The European Committee for Medicinal Products for Human Use (CHMP) approved Regeneron’s EYLEA Injection for the treatment of visual impairment due to diabetic macular edema (DME).  The decision of the European Commission is expected in the second half of 2014, the company announced last Friday.

Regeneron reports that “The European Union (EU) submission is based on positive data from the Phase 3 VIVID-DME and VISTA-DME studies.” In fact, both studies saw significant improvement in best-corrected visual acuity (BCVA) from baseline compared to laser photocoagulation at 52 weeks.  

While one-year data from the VIVID-DME and VISTA-DME trials and two-year data from the VISTA-DME trial have already been presented at medical congresses, each of the trials should continue as planned up to 148 weeks.

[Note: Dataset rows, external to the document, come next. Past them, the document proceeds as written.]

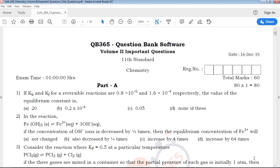Hi viewers, welcome to QB365. This is 11th Standard Chemistry Volume 2 Important Questions. In this particular video, we will talk about Volume 2 Important Questions.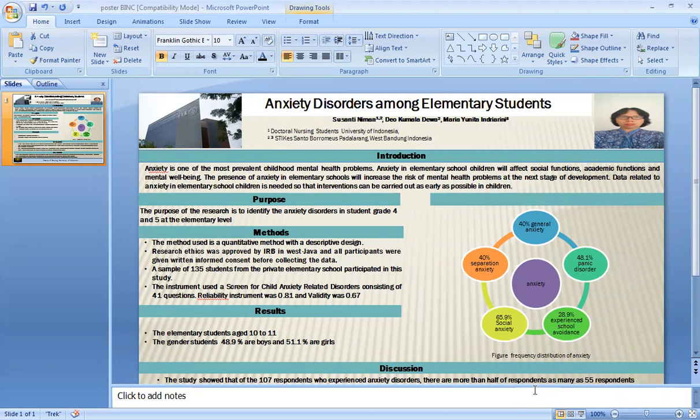Hi everyone, I am Susanti, a Doctoral Nursing Student at the University of Indonesia. My research title is Anxiety Disorder Among Elementary Students.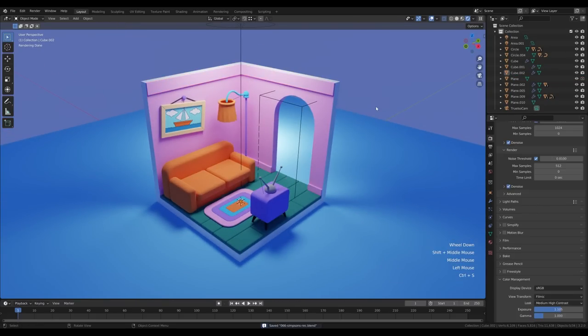And that's the Simpsons living room for you! I really hope you enjoyed this one. If you did, please leave a like and hit that thumbs up. If you're new to the channel and you'd like to see more, please hit that subscribe. Thank you all for watching and have a wonderful day!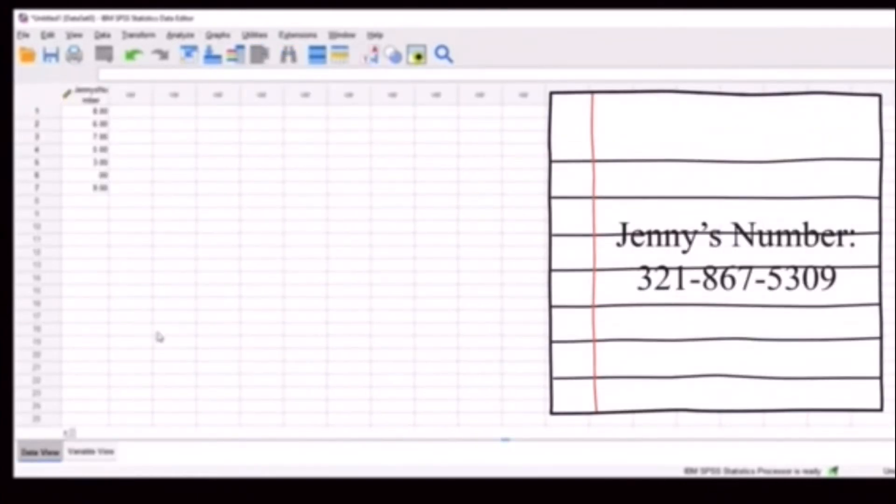We can go to the variable view and rename that. So those of you who are familiar with 80s songs know this is Jenny's number. If not, you can Google that and get a great song to dance to. 8, 6, 7, 5, 3, 0, 9. For now, we're just going to analyze this.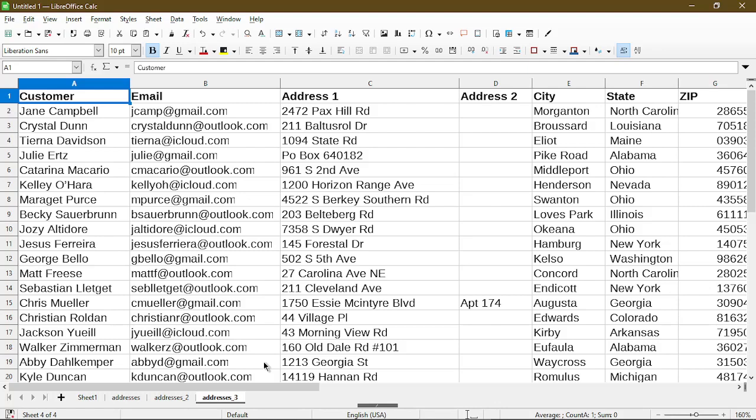But just to show you if I copy one sheet at the end by using the ctrl key and drag it over. This does work properly because it copied just one sheet instead of two for me. So in this case it worked perfectly.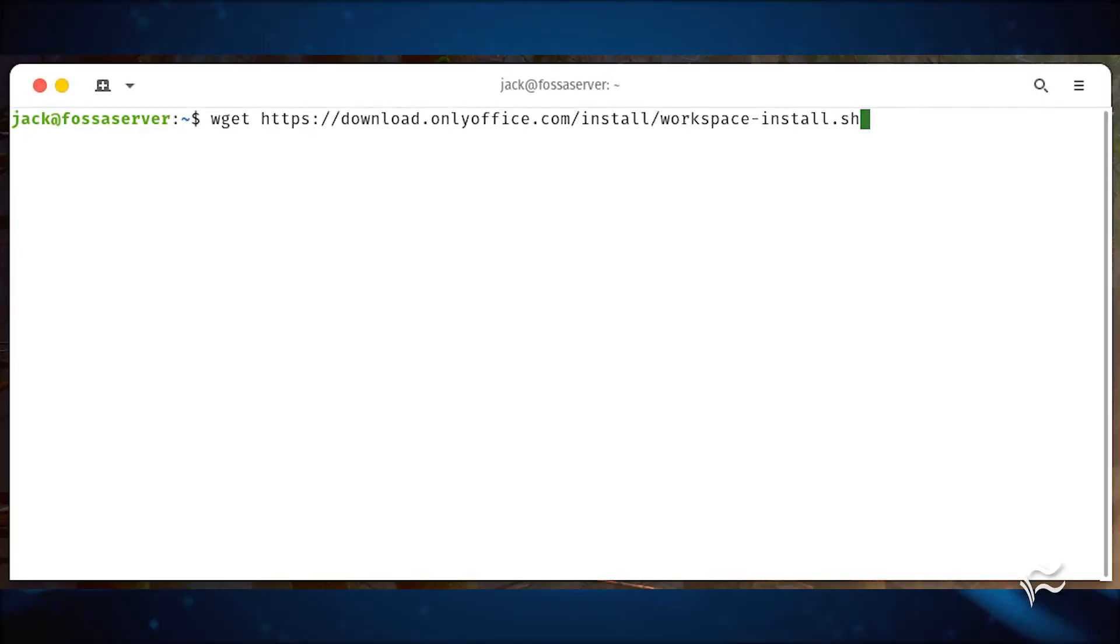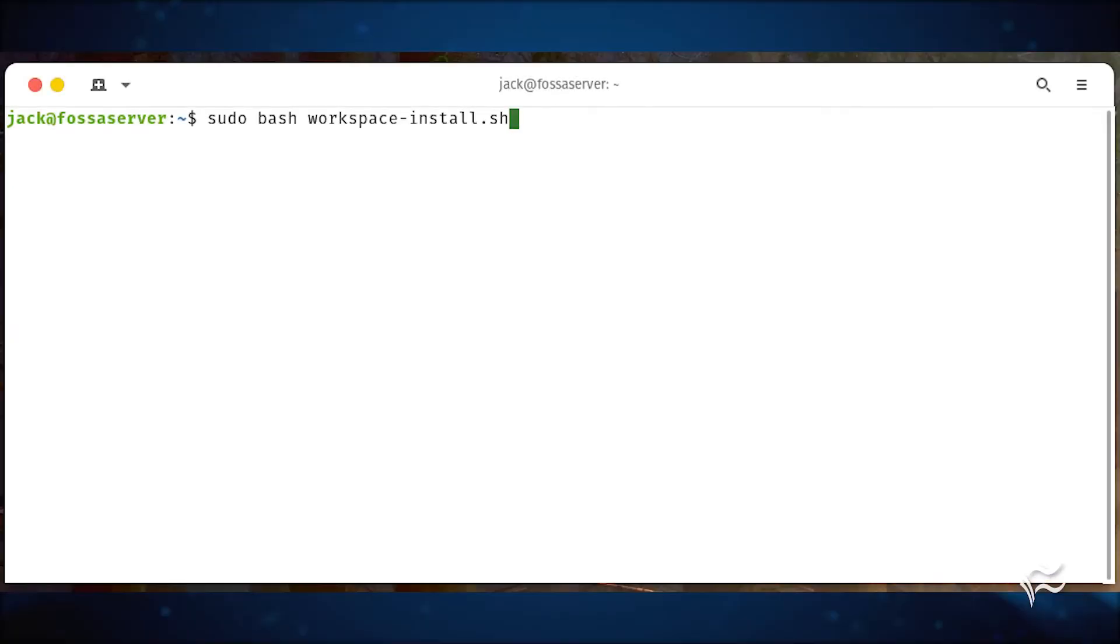Download the installation script with the command wget https://download.onlyoffice.com/install/workspace-install.sh. Run the script with the command sudo bash workspace-install.sh.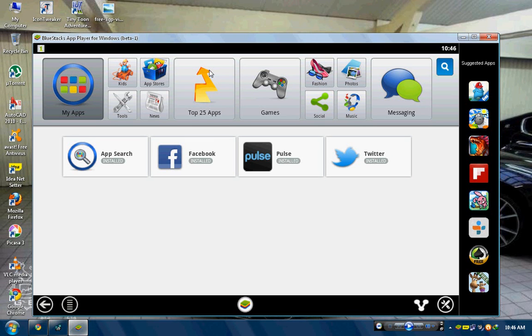How to install BlueStacks with only 1GB RAM. Suppose you want to run Android apps on your PC but you have only 1GB RAM.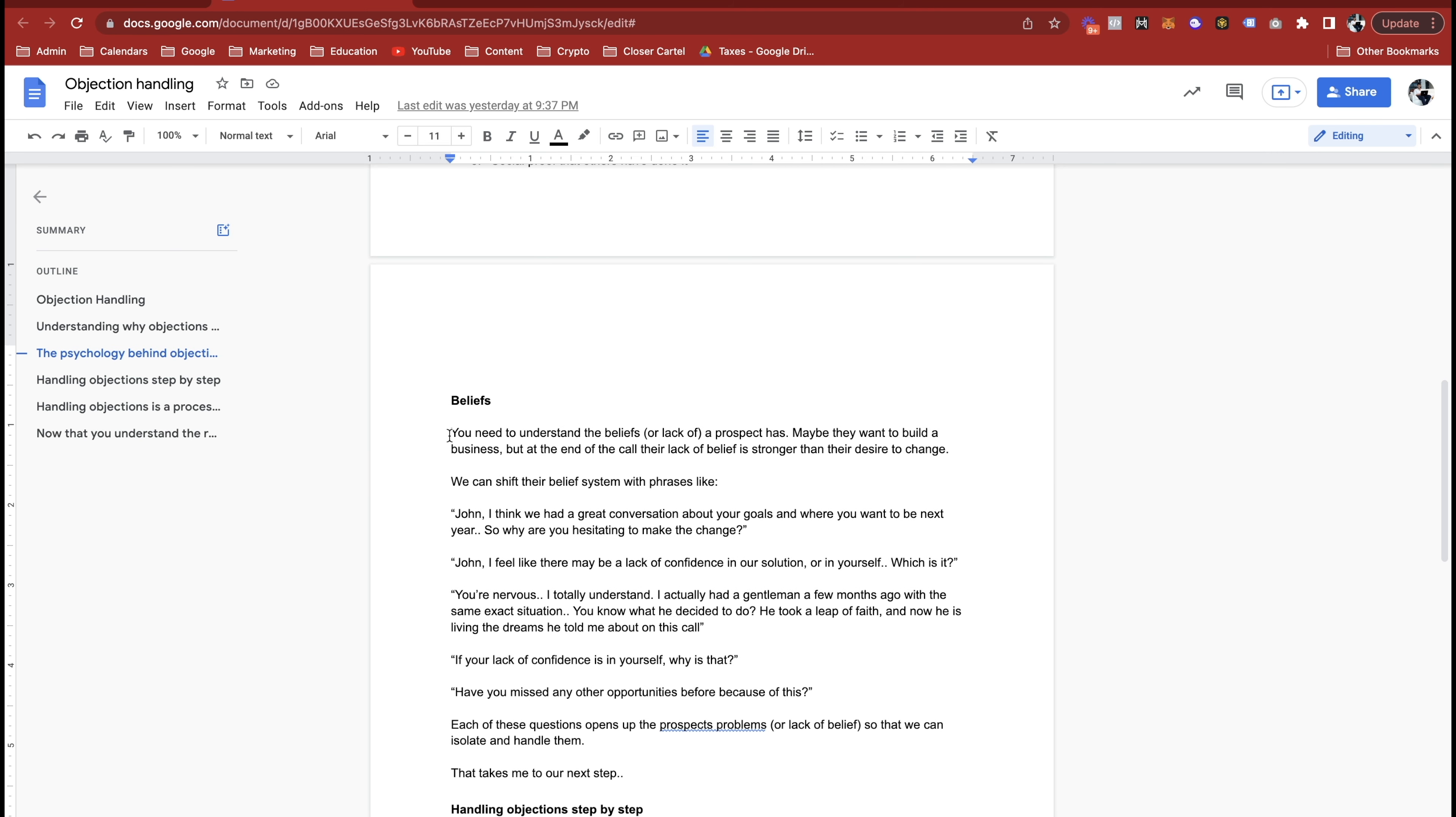Let's talk about beliefs. You need to understand the beliefs or lack of that a prospect has. Maybe they want to build a business but at the end of the day or the end of their call, their lack of belief is stronger than their desire to change. So you have two things here: you have your desire to change, your desire to do something, and then you have your lack of belief. If the lack of belief is stronger than the desire to change, someone will never buy your offer.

"Diabetes is a growing health concern worldwide and this milestone brings us one step closer to being able to offer patients and physicians in the European Union a new therapeutic option for the treatment of diabetic macular edema," George D. Yancopoulos, M.D., Ph. D., Chief Scientific Officer of Regeneron and President of Regeneron Laboratories, added.  

EYLEA was approved in the U.S. for the treatment of neovascular (wet) Age-related Macular Degeneration (AMD) in November 2011 and for Macular Edema following Central Retinal Vein Occlusion (CRVO) in September 2012. In addition, EYLEA is in use in the EU and other countries for use in wet AMD and Macular Edema following CRVO. The company said that regulatory submissions have also been made in Japan, Asia Pacific, Latin America, and the U.S., for the treatment of Diabetic Macular Edema as well as macular edema following Branch Retinal Vein Occlusion (BRVO).

As part of a strategic collaboration, Bayer HealthCare is licensed for the exclusive marketing rights outside the United States, while Regeneron maintains exclusive rights to EYLEA in the United States.